Matteo Renzi/Andreas Solaro, Getty Images

Erano mesi, forse anni, che Matteo Renzi non era tanto attivo. Sia chiaro, il personaggio non ha mai amato rimanere troppo a lungo in disparte, ma la mole di interviste, dichiarazioni, manovre messa in campo dall’ex Premier nelle ultime settimane non si registrava da un po’ di tempo. Chissà che non significhi che qualcosa, forse qualcosa di grosso, bolle in pentola: magari un “nuovo centro” cui dar vita insieme al leader di Azione Carlo Calenda e a Silvio Berlusconi, in rotta con il Centrodestra e oggetto si un serrato corteggiamento da parte dell’ex segretario Pd.

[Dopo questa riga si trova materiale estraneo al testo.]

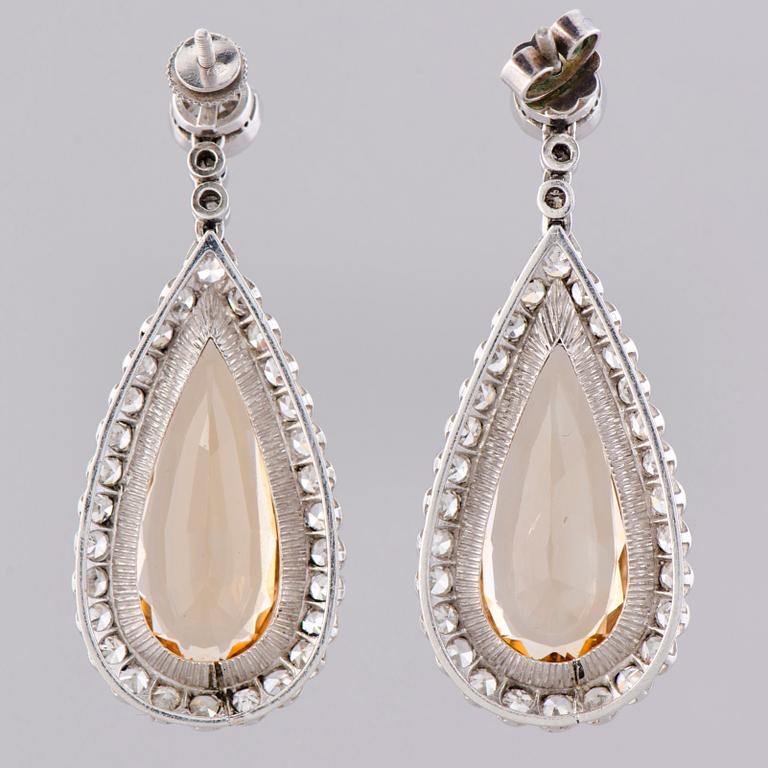 KORVAKORUT, viistehiotut topaasit, vanha- ja 8/8-hiotut timantit, platinaa.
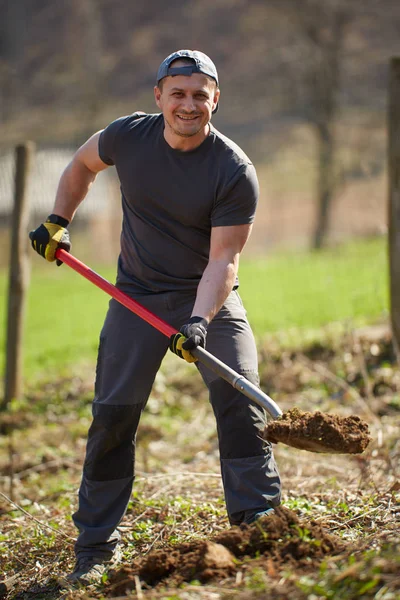 Homem Agricultor Plantando Nogueira Seu Pomar Durante Dia — Fotografia de Stock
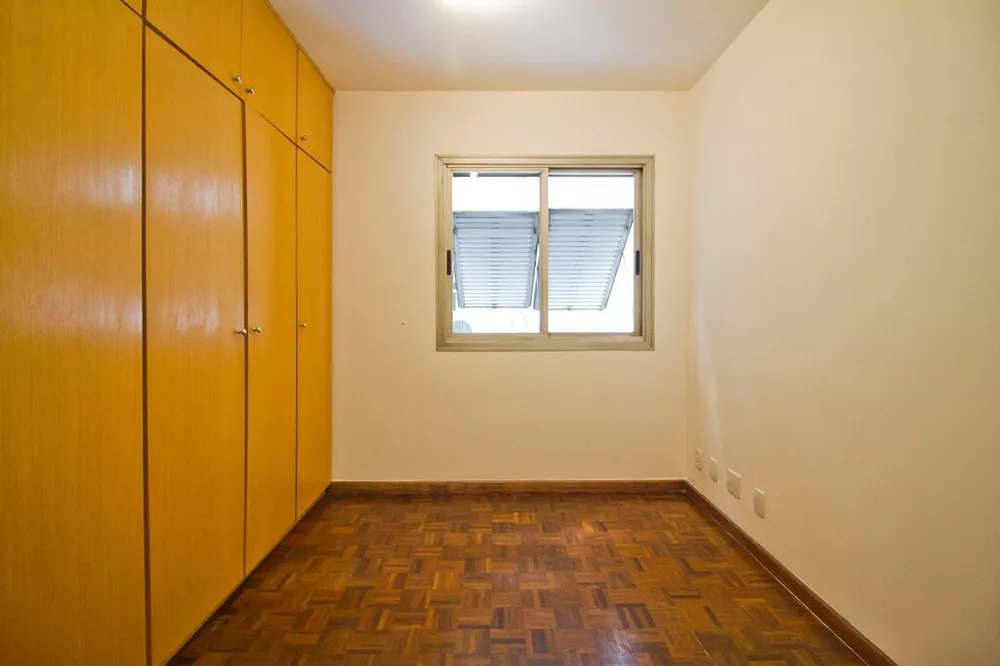 Apartamento à venda com 3 quartos, 106m² - Foto 2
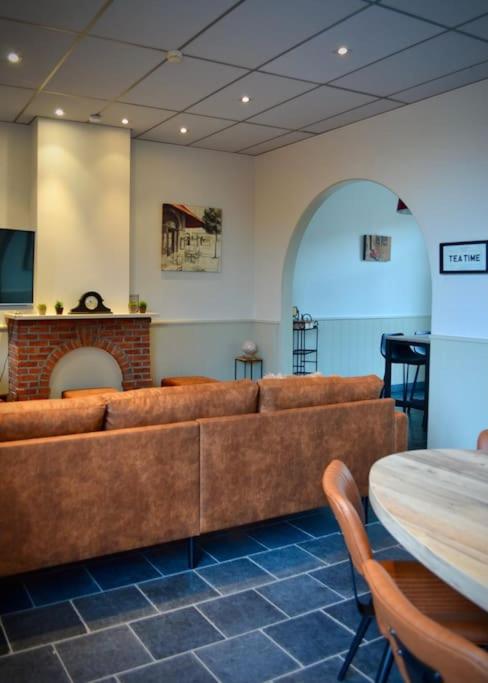 Vakantiewoning 't Sevencoote - terras - privé parking - Zevekote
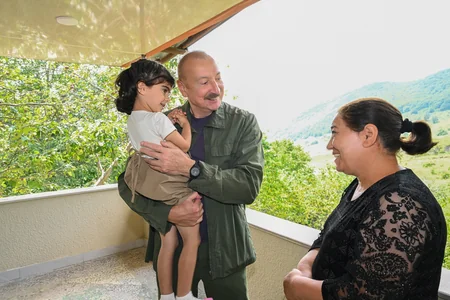 İlham Əliyev Şuşanın Kiçik Qaladərəsi kəndində görülən işlərlə tanış olub və kəndə qayıdan sakinlərlə görüşüb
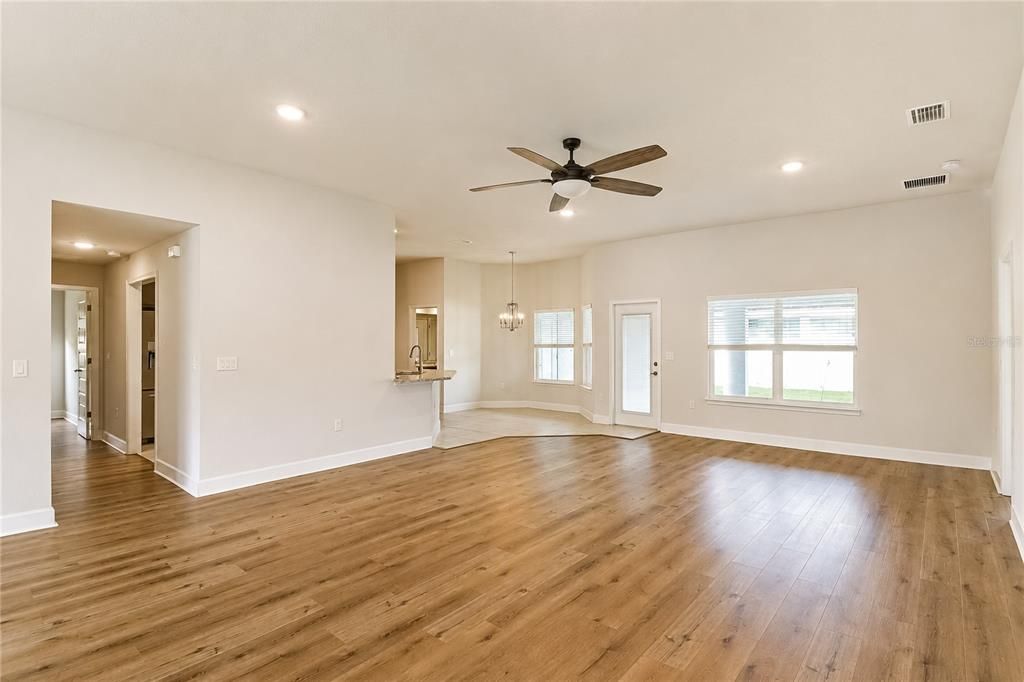 For Sale: $385,000 (4 beds, 3 baths, 2283 Square Feet)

Il ritorno, da ospite, a Palazzo Chigi

Nessun effetto, nessun impatto, neanche un fremito. E’ questo l’effetto che fa – o meglio, non fa – a Matteo Renzi il ritorno a Palazzo Chigi, dove è tornato lo scorso 5 novembre, in occasione di un incontro con il Premier Giuseppe Conte, a quattro anni di distanza dalla fine della sua avventura alla guida del Governo. “Conte mi fa ‘oh, ma tu qua ci lavoravi, vero?’ C’era un ordine maniacale, quando ci stavo io era tutto un casino, carte ovunque“, racconta nel corso di un’intervista rilasciata a 7, settimanale de Il Corriere della Sera.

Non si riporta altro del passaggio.